5 Three pipes are connected to a water tank. One of the pipes can fill the tank in 30 minutes. The second pipe can fill it in 20 minutes. The third pipe can fill the tank in 40 minutes. How long will it take to fill the tank if all three pipes are opened together? If the slowest pipe is shut off after 3 minutes and the fastest pipe is shut off 3 minutes later, how long will it take the remaining open pipe to finish filling the tank?

Answer 1

Let's call the total volume of the tank as V. The rate each pipe fills the tank is given by the total volume of the tank divided by the amount of time it takes to fill the tank. Let's call the rate of the first pipe as r1, the rate of the second pipe as r2 and the rate of the third pipe as r3.

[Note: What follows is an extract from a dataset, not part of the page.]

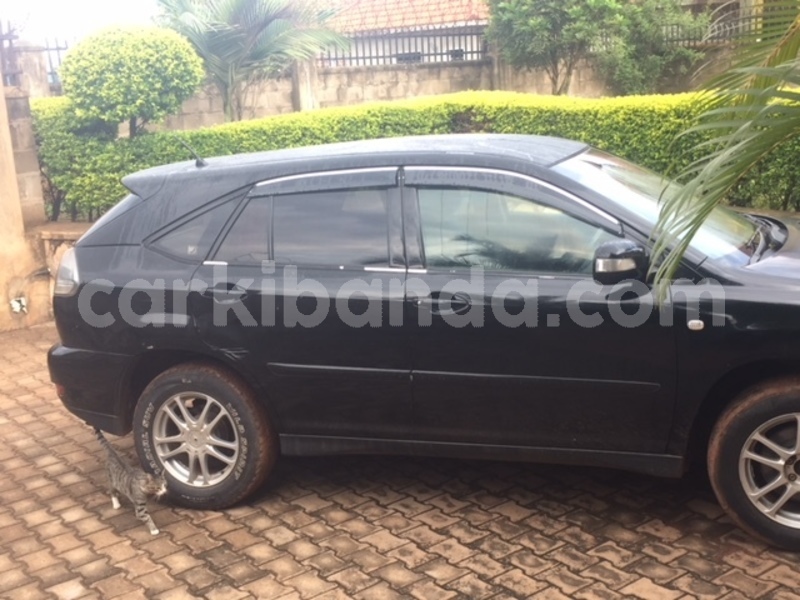 Big with watermark img 4670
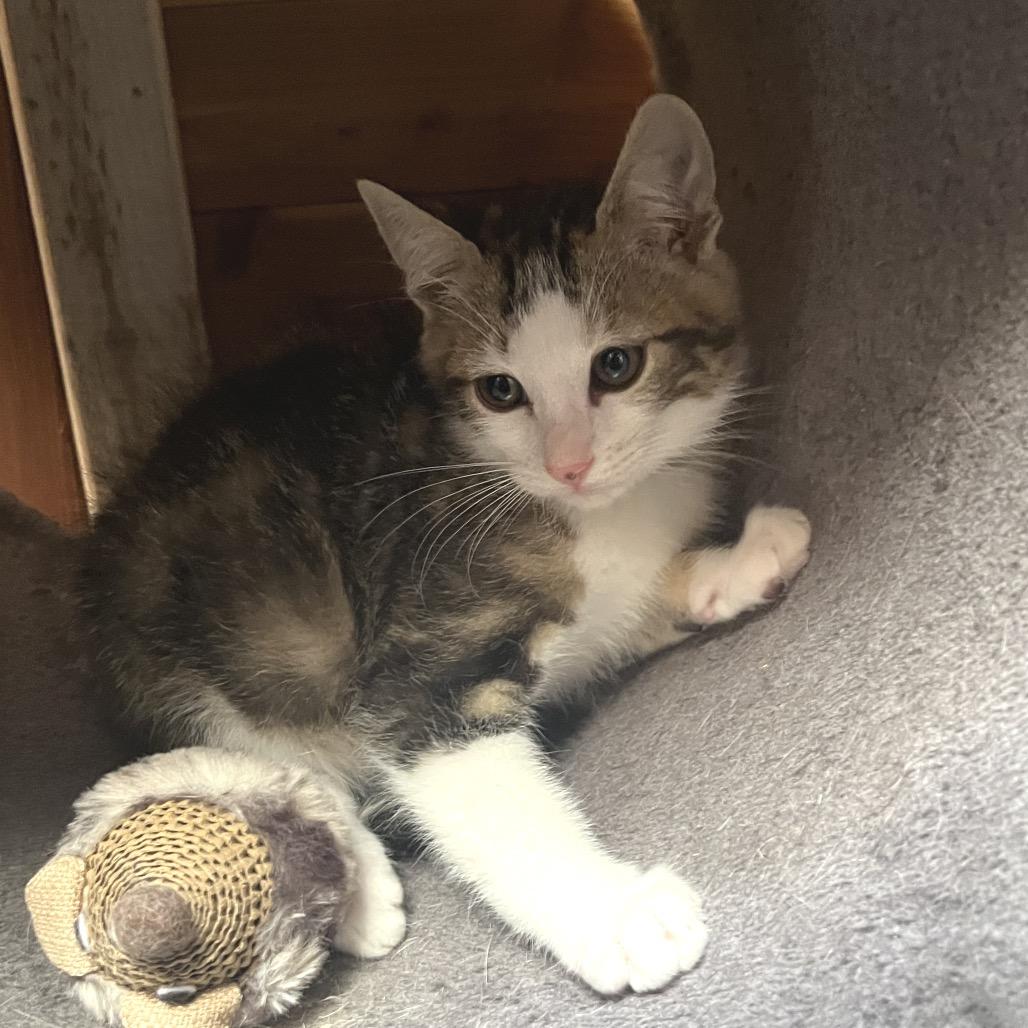 Enlarge Wolverine, a Adoptable Domestic Medium Hair in Pacific Grove, CA image 5/6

`\begin{gathered} r_1=(V)/(30) \\ r_2=(V)/(20) \\ r_3=(V)/(40) \end{gathered}`

The product between the rate and the time that has passed will give to us the fraction of the tank that has been filled. When we open the three pipes at once, we sum their rates. When the tank is filled, the product between the rate and the time passed must give the total volume of the tank, therefore, we have the following equation:

`\begin{gathered} ((V)/(30)+(V)/(20)+(V)/(40))t=V \\ (13V)/(120)t=V \\ (13)/(120)t=1 \\ t=(120)/(13) \\ t=9.23076923077... \\ t\approx9.23 \end{gathered}`

It will take approximately 9.23 minutes to fill the tank if all pipes are opened together.

When the three pipes are opened, the fraction that has been filled(let's call it as x) is given by:

`\begin{gathered} ((1)/(30)+(1)/(20)+(1)/(40))\cdot3=x \\ x=(13)/(40) \end{gathered}`

Then, the slowest pipe(the third pipe) is closed, then, after 3 more minutes we're going to fill an extra y amount of water, given by:

`\begin{gathered} ((1)/(30)+(1)/(20))\cdot3=y \\ (1)/(10)+(3)/(20)=y \\ (5)/(20)=y \\ y=(1)/(4) \end{gathered}`

Then, after a time t with the first pipe open, we're going to fill the tank(remember that it has been filled already by the amounts x and y, therefore, we must subtract it from the total volume).

`\begin{gathered} (1)/(30)\cdot t=1-(13)/(40)-(1)/(4) \\ (t)/(30)=(27)/(40)-(10)/(40) \\ t=30\cdot(17)/(40) \\ t=12.75 \end{gathered}`

If the slowest pipe is shut off after 3 minutes and the fastest pipe is shut off 3 minutes later, it will take 12.75 minutes for the remaining open pipe to finish filling the tank.